Australia
12AAustralia(n) director Baz Luhrmann has had his latest effort described as a love letter to his home land. If that’s the case, the country has every right to tear it up and throw it right back in Luhrmann’s face. Furthermore, if Oz had an older brother, he’d be completely within his rights to give Baz a black eye and to sternly warn him that there was plenty more where that came from if he tried the same again.

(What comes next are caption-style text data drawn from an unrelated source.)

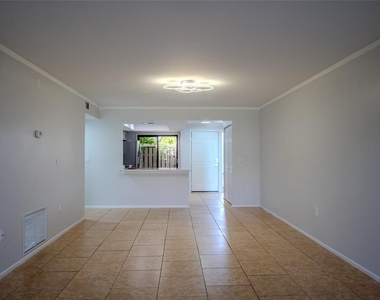 5797 Summer Side Lane - Photo Thumbnail 4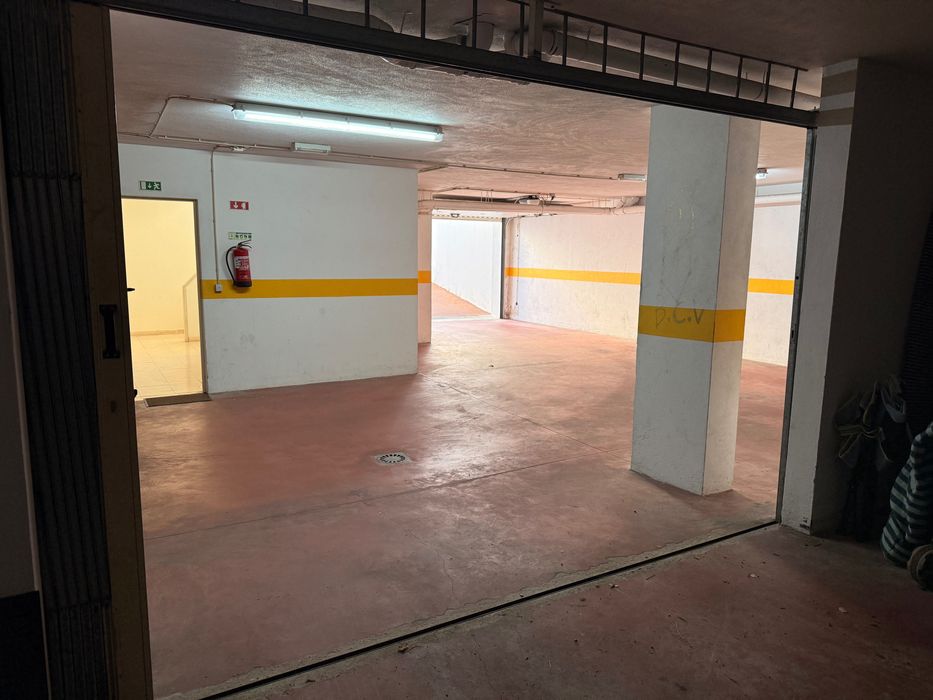Garagem fechada de 32m2 no Baleal, Peniche.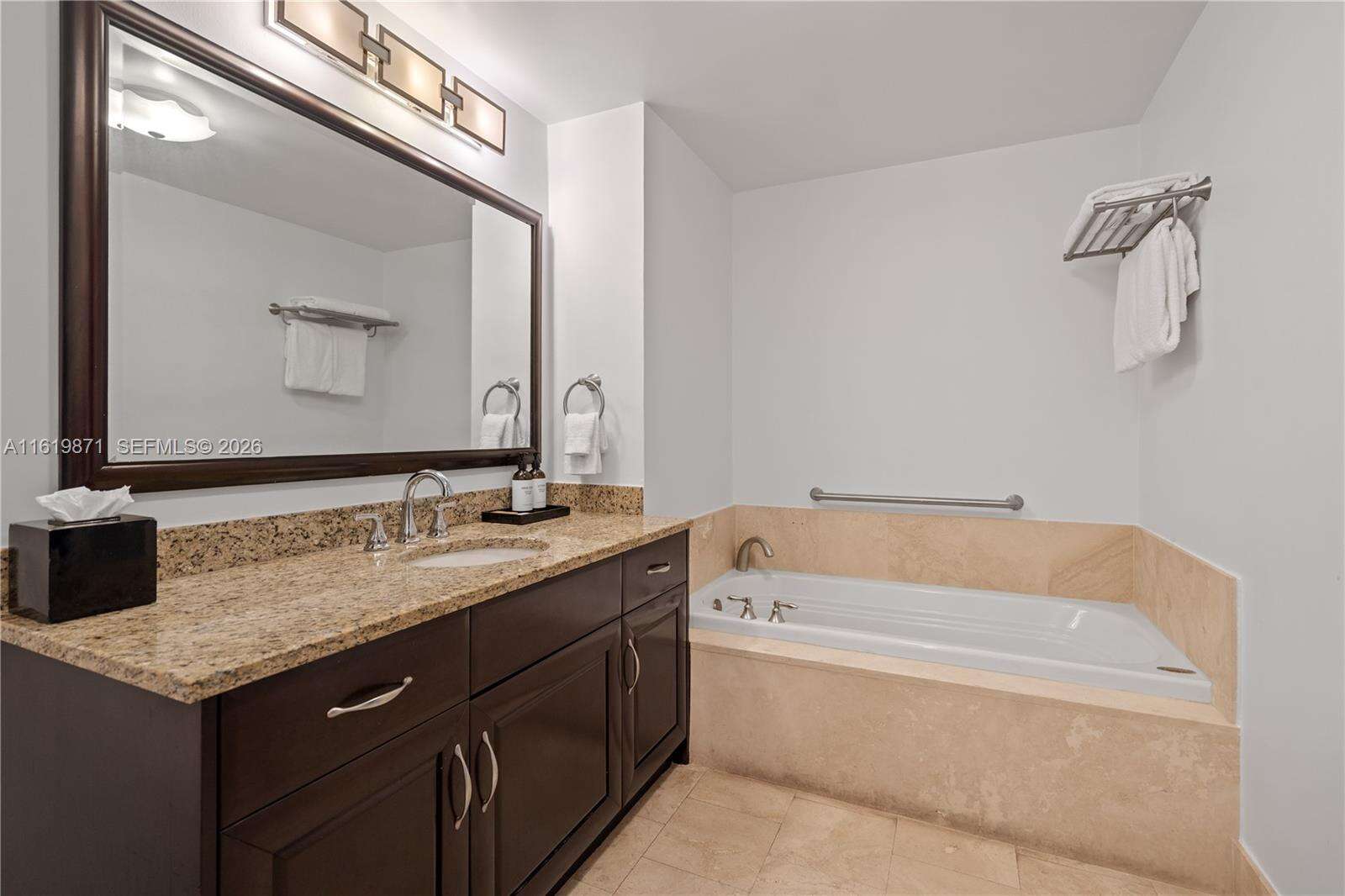 Fontainebleau 2 at 4401 Collins Ave, Miami Beach, FL 33140 - For Sale photo 20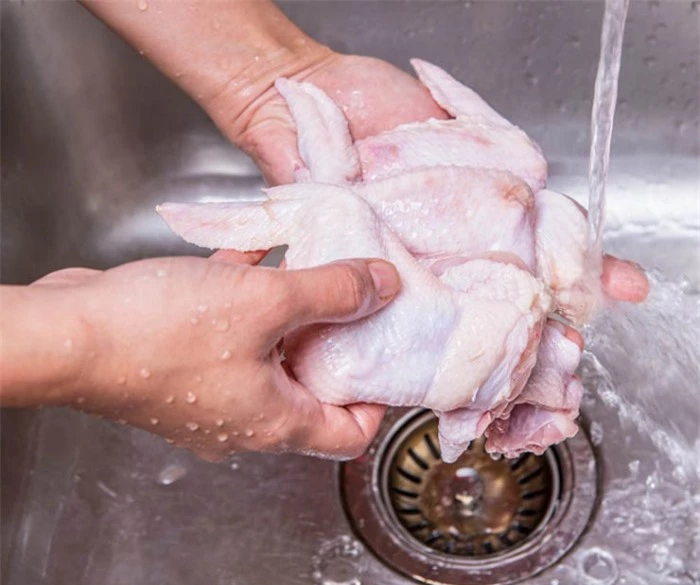 Chuyên gia chỉ ra lý do không nên rửa thịt gà trước khi nấu 1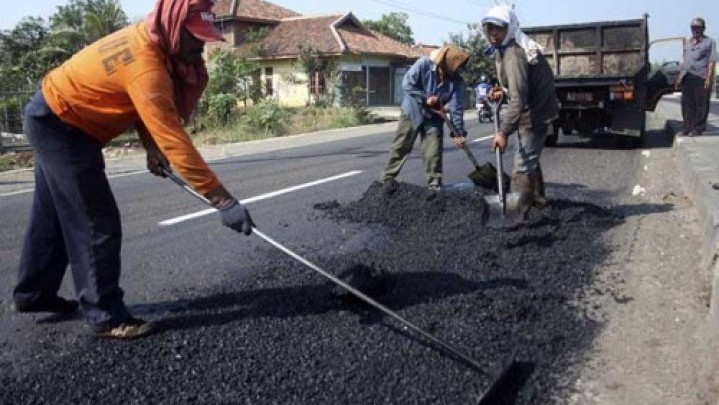 Payung Hukum Akan Dibuatkan Tangani Kerusakan Jalan di Daerah Payung Hukum Akan Dibuatkan Tangani Kerusakan Jalan di Daerah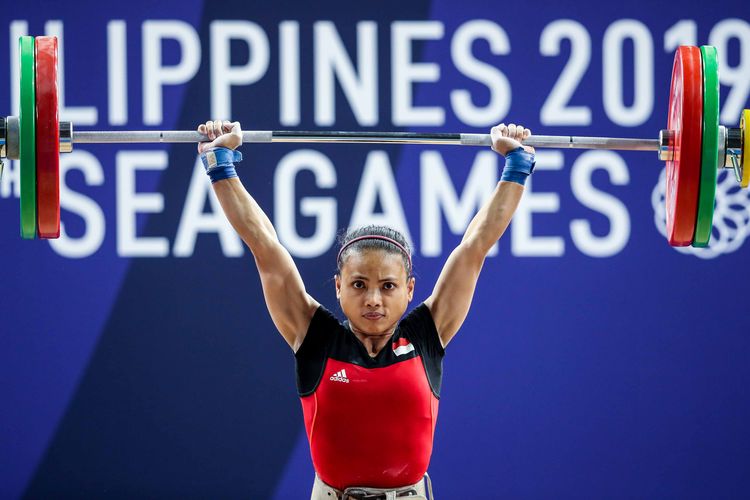 Lifter putri Indonesia, Lisa Setiawati mengangkat beban pada kelas 45 kilogram putri di Ninoy Aquino Memorial Stadium, Manila, Filipina, Minggu (1/12/2019). Lisa Setiawati menyumbang medali perak dari cabang angkat besi dengan total angkatan 169 kg.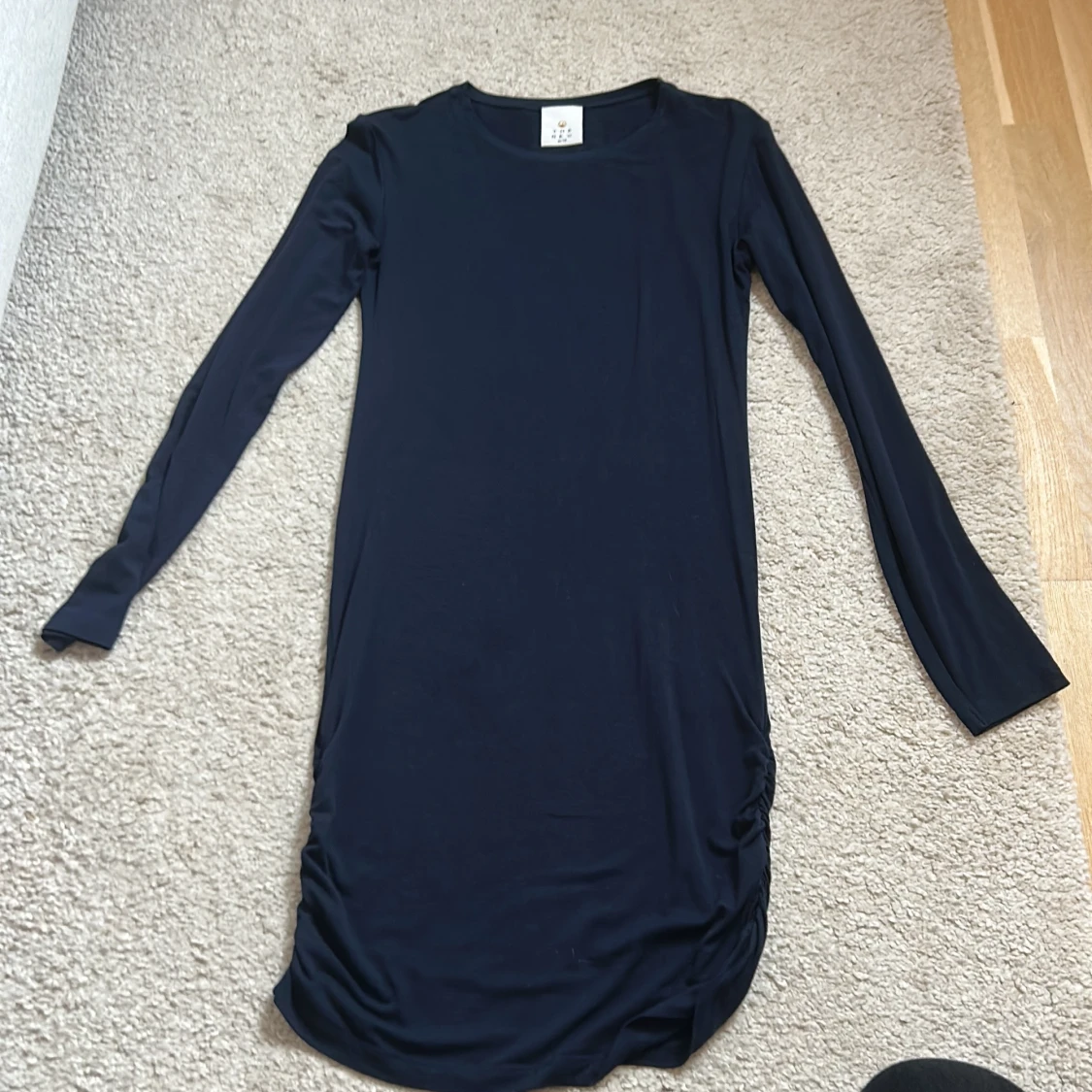 Mörkblå långärmad klänning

When the project was first announced, who couldn’t help but get excited. Luhrmann reunited with his Moulin Rouge muse Nicole Kidman, with fellow antipodean Hugh Jackman attached. Add to that their breathtaking home landscape, and you’re surely on to a winner, right?
Wrong.
Wrong.
Wrong.
The truth is that if this were helmed by any other director, the film would have, at best, been an ok effort. With Luhrmann though, there is so much expectation on him to produce the goods; it’s his own fault of course, for bringing such bold and visionary stories to the screen such as Romeo + Juliet and Moulin Rouge.
The vibe he was after was obvious – a Hepburn/Bogart relationship between his two leads, transposed to the outback. As fine an actress as Kidman is however, Hepburn isn’t a colour on her acting palette. Her Mary Poppins-esque accent doesn’t do her any favours either. And as watchable as Jackman is, he’s no Bogart either. Or Grant. Stewart, Tracey…On screen chemistry then, equals zilch.
If that wasn’t enough, the story just isn’t appealing. Brit Lady Ashley (Kidman) travels down under to reluctantly take charge of a cattle ranch in the middle of nowhere. King Carney (Bryan Brown) wants to buy her land to add to his cattle kingdom, but Ashley is unwilling to do so when he employs underhand tactics.
This spurs her to hire the roving Drover (Jackman), to help transport her 2,000 cattle across hundreds of miles of unforgiving terrain. And so begins this road movie with meat on hooves, on a cattle drive that feels like it almost plays out in real time. Two hours and forty-five minutes. And you feel every minute.
Just as the drive reaches its conclusion, any hope of the film being over too is quickly dashed, when Luhrmann’s ‘set piece’ war ending kicks in. Talk about cruel.
So, with the film finally over, at least you can look back at it and conclude that at least it was visually appealing, right? Wrong again. Every Australian film from Mad Max to Crocodile Dundee has been a better cinematic advert for the world’s smallest continent. Hell, it looks even more appealing in adverts for Fosters and Castlemaine. But in Australia it looks really... ordinary.
There’s no doubt that Baz can bounce back from this fiasco. He will need to think long and hard about his next project however; the fact that it’s looking likely that it will be another take on F Scott Fitzgerald’s classic The Great Gatsby, might mean he may have to look again. And the fact that it took him seven years between Moulin Rouge and Australia suggests he has plenty of time to lick his wounds and hopefully get it right with his next film.